La mayoría de cronistas políticos de la tribu han escarnecido con entusiasmo la procesión de Laura Borràs camino del TSJC, un paseíllo descafeinado, sin las ancestrales aglomeraciones del independentismo ante el tribunal, y con la presidenta de Junts repartiendo abrazos sin la cúpula (y los alcaldables geriátricos) del partido que preside, con la única compañía del desdichado Quim Torra. A mí, quizás porque me han educado en el mismo colegio judeocristiano y catalanista de la prota en cuestión, el desfile de Laura me ha sugerido más bien el cúmulo de un cinismo procesista que tiene poco que ver con su mártir primordial. Primero, porque ya tiene gracia ver a los políticos que se afanan por devolver a Convergència impostando respeto por eso de trocear contratos (presuntamente), una práctica ancestral del municipalismo que la mayoría de administraciones todavía perpetran.
También tiene cachondeo que al procesismo convergente ahora le coja un ataque de rectitud con la legalidad española, cuando durante los últimos lustros todo dios aceptó con aplausos sonoros la táctica del masismo, según el cual a la independencia se tenía que llegar trampeando el derecho penal de los enemigos (el éxito del tema, lo conocemos de sobra). Las tácticas de supervivencia de Laura Borràs, en efecto, son una cosa de aficionados si las comparamos con cómo el Astuto y sus amigos pretendían hacernos tragar que podríamos derrotar al elefante haciendo de ratoncitos listos y engordando la nómina de nuestros abogados estrella. Como he escrito muchas veces, Borràs es el resultado de la ética convergente, ahora exhibida con una cierta retórica octubrista y toneladas de selfies. Ver todos los maestros y padres de la criatura huyendo como ratas cuando la encausan, mientras resucitan a Jordi Pujol, es delirante.

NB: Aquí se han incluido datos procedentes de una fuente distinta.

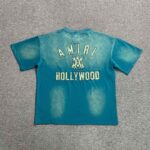 T-shirt Amiri Skate Tee Green AM041 - Image 3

Borràs es el resultado de la ética convergente, ahora exhibida con una cierta retórica octubrista y toneladas de selfies. Ver todos los maestros y padres de la criatura huyendo como ratas cuando la encausan, mientras resucitan a Jordi Pujol, es delirante
Contrariamente al tópico que ha descrito el caso Borràs como un ejemplo de lawfare (a saber, cargarse o deslegitimar a un rival político a través de la burocracia del derecho), el asunto de la Presidenta del Parlamento explica perfectamente cómo el catalanismo pudo surfear la ley española a base de pactar la rendición del país con Madrid a cambio de que los jueces no tocaran mucho la pera ante las estratagemas que los convergentes utilizaban para enriquecerse. Lo importante, en definitiva, no es saber por qué el estado persigue con sadismo a Laura (que lo hace, pues las penas que se le piden son absolutamente iracundas), sino justamente por qué no escrutó las mismas (presuntas) conductas durante lustros, cuando sus protagonistas las exhibían con mucha más alegría que un par de audios y cuatro correos electrónicos inoportunos. Los ausentes en la pasarela saben muy bien de qué hablo.
A mí el resultado del juicio en cuestión me es bastante indiferente, porque aquello importante del caso Borràs será averiguar si los restos de octubrismo que encontramos en el catalanismo conservador sobrevivirán una sentencia de la judicatura enemiga. En otras palabras, habrá que ver si aquello que (de momento, solo en términos retóricos) hay de desobediencia en el independentismo acabará domesticado por el espectáculo de una sanción puramente administrativa. Si hacemos caso al pasado reciente, diría que pactos políticos como los indultos y la rebaja de la sedición no han conseguido mitigar la fuerza de la vía unilateral, como así querrían Junqueras, Pujol y Xavier Trias. En este sentido, el futuro de Borràs, como la mayoría de personajes literarios, dependerá de cómo gestione un capital político que va más allá de Twitter porque, de momento y en cuanto a Junts, la presidenta ha conseguido ganar todas las batallas en las que ha jugado.
Durante las próximas semanas, nos entretendremos con el juicio, que no deja de ser la segunda parte (todavía más imitada) de la comedia de Marchena con los mártires del procés. Mientras vaya pasando la cosa, cuando menos, ruego a los colegas convergentes que tengan la bondad de no escarnecer unas prácticas que inventaron ellos mismos. Y también sugiero a los conciudadanos que hagan poco cachondeo con eso de tener tratos con narcotraficantes: los he conocido muy de cerca y puedo certificar que acostumbran a ser unos comerciantes educadísimos, de puntualidad ejemplar, y uno de los eslabones imprescindibles del pequeño comercio de nuestra casa.